**Data for this task:**
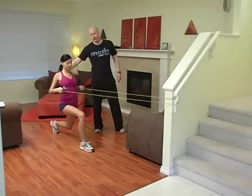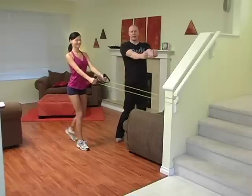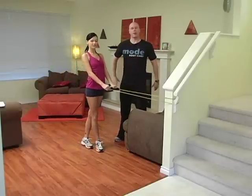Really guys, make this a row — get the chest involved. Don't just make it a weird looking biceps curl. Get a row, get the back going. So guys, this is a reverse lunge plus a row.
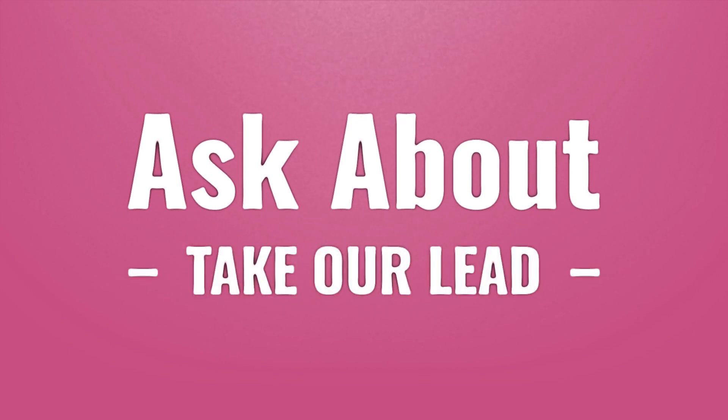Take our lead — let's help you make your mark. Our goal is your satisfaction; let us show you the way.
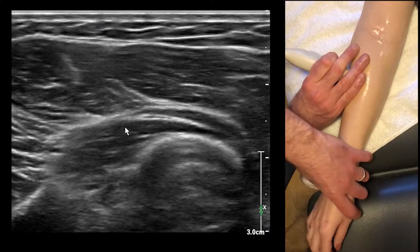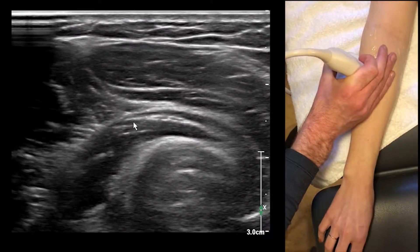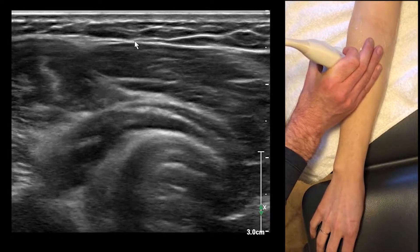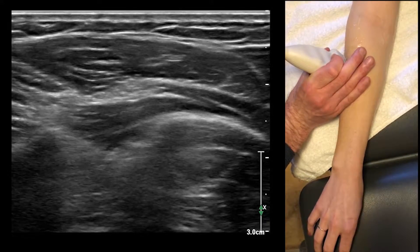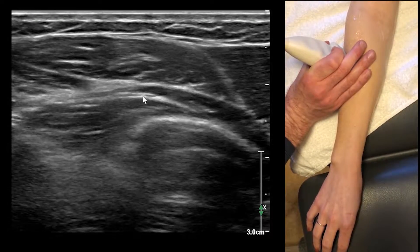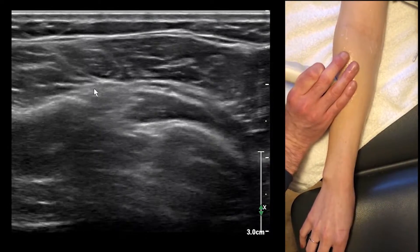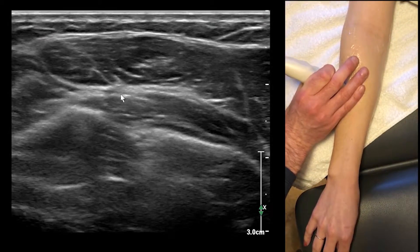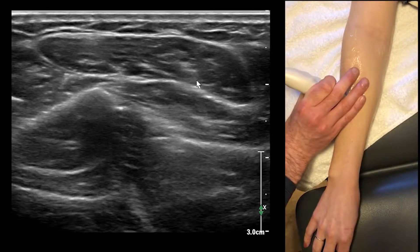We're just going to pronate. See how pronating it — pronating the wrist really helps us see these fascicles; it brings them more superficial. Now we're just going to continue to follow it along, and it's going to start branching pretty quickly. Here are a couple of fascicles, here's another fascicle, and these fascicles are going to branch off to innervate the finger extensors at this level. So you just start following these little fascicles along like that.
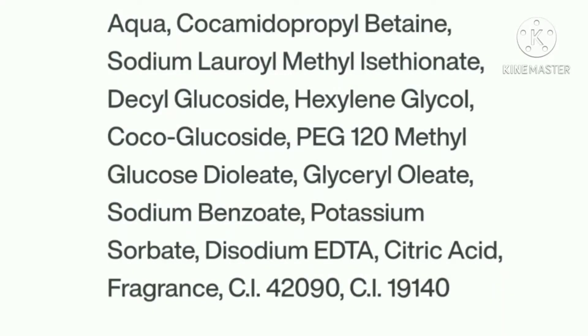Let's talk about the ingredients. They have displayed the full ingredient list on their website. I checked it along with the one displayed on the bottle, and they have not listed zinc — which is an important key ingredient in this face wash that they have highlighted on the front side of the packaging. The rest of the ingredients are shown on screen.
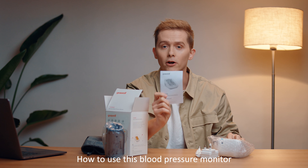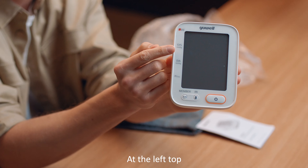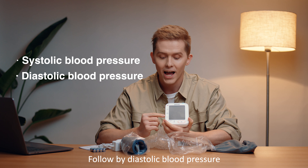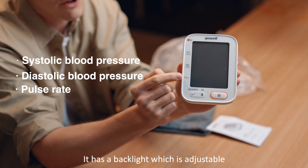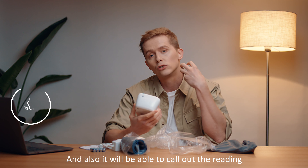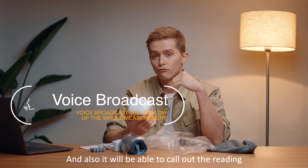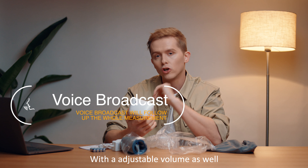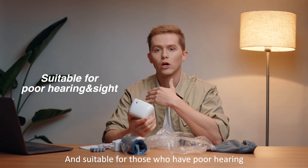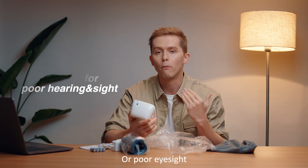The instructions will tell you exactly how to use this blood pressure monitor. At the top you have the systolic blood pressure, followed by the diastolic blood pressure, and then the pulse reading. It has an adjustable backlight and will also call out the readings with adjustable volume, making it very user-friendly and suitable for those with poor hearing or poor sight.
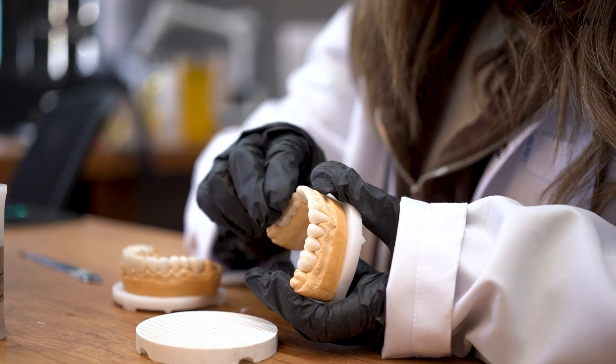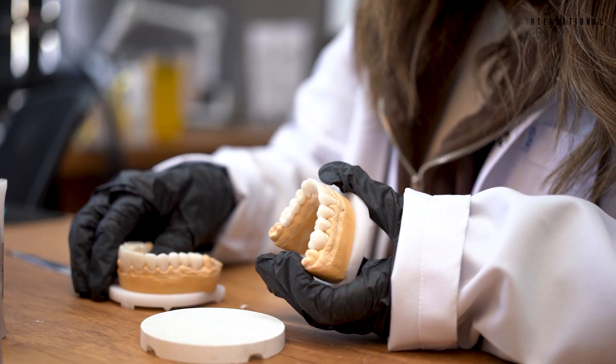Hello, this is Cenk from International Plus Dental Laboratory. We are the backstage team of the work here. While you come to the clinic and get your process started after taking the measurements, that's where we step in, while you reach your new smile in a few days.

**Task details:** Write out exactly and only the lines that run from the start of the data above through the line containing "We're just going to pronate.", leaving the pictures out.

**Output of the exercise:**
Really guys, make this a row — get the chest involved. Don't just make it a weird looking biceps curl. Get a row, get the back going. So guys, this is a reverse lunge plus a row.
Take our lead — let's help you make your mark. Our goal is your satisfaction; let us show you the way.
We're just going to pronate. See how pronating it — pronating the wrist really helps us see these fascicles; it brings them more superficial. Now we're just going to continue to follow it along, and it's going to start branching pretty quickly. Here are a couple of fascicles, here's another fascicle, and these fascicles are going to branch off to innervate the finger extensors at this level. So you just start following these little fascicles along like that.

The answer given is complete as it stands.